LIMITED OPERATING HISTORY

    The Company was formed in 1994 to combine the operations of FIRSTPLUS
Financial and SFAC.  The Combination involved the integration of the operations
of two companies that previously operated independently.  Consequently, the
Company has a limited operating history under its new corporate structure upon
which prospective investors may base an evaluation of its performance.

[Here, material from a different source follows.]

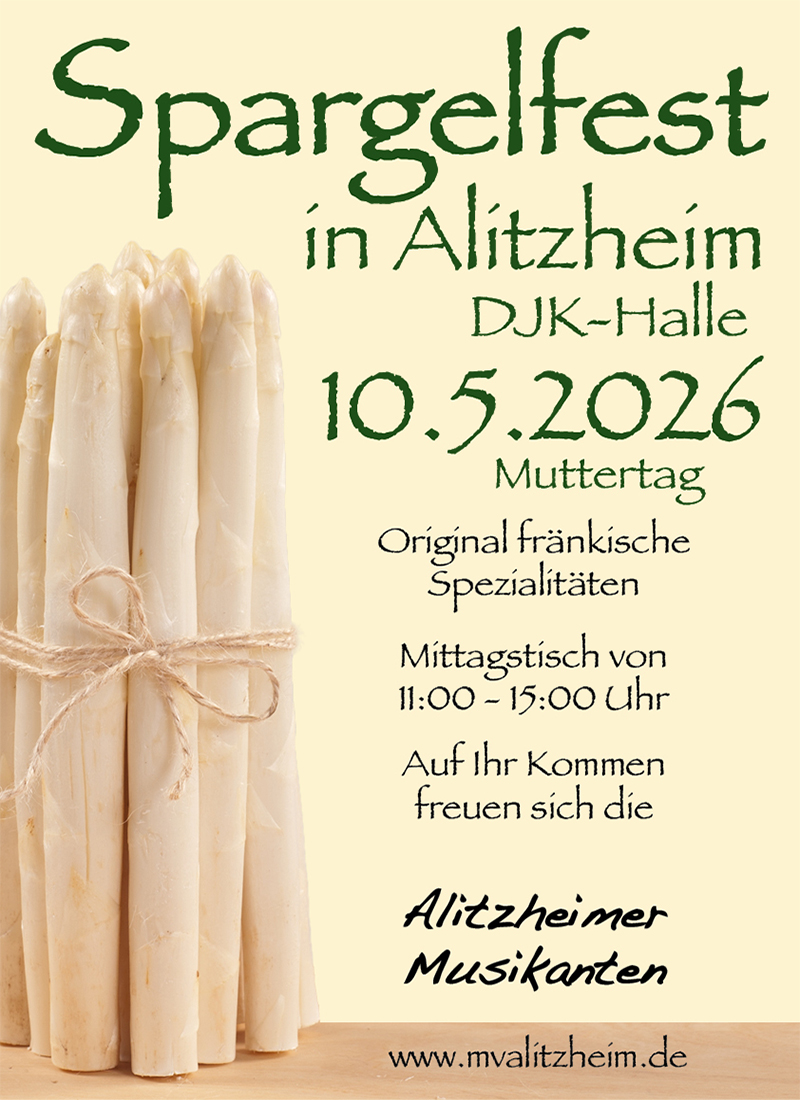 Spargelfest-2026_Alitzheim_800x1100px.jpg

DELINQUENCIES; RIGHT TO TERMINATE SERVICING; NEGATIVE IMPACT ON CASH FLOW

    On June 30, 1997, approximately 66.0% (by dollar volume) of the Serviced
Loan Portfolio consisted of loans securitized by the Company and sold to grantor
or owner trusts.  The Company's form of pooling and servicing agreement with
each of these trusts provides that the trustee of the related trust may
terminate the Company's servicing rights if certain delinquency or loss
standards are not met.  As of June 30, 1997, none of the pools of securitized
loans exceeded the foregoing delinquency standards and no servicing rights had
been terminated.  However, there can be no assurance that delinquency rates with
respect to the Company-sponsored securitized loan pools will not exceed this
rate in the future and, if exceeded, that servicing rights will not be
terminated, which would have a material adverse effect on the Company's result
of operations and financial condition.

    The Company's cash flow can also be adversely impacted by high delinquency
and default rates in its grantor and owner trusts.  Generally, provisions in the
pooling and servicing agreement have the effect of requiring the 
overcollateralization account, which is funded primarily by the excess servicing
on the loans held in the trust, to be increased up to approximately two and 
one-half times the level otherwise required when the delinquency and the 
default rates exceed various specified limits.  The reserve account was fully 
funded as of June 30, 1997.

DEPENDENCE ON TITLE I PROGRAM

    A portion of the Company's business is dependent on the continuation of the
Title I Program, which is federally funded.  The Title I Program provides that
qualifying loans are eligible for FHA insurance, although such insurance is
limited.  From time to time, legislation has been introduced in both houses of
the Congress that would, among other things, abolish the Department of Housing
and Urban Development ("HUD"), reduce federal spending for housing and community
development activities and eliminate the Title I Program.  No assurance can be
given that the Title I Program will continue in existence or that HUD will
continue to receive sufficient funding for the operation of the Title I Program.
Discontinuation of or a significant reduction in the Title I Program or the
Company's authority to originate or purchase 


                                      13

<PAGE>

loans under the Title I Program could have a material adverse effect on the 
Company's results of operations and financial condition.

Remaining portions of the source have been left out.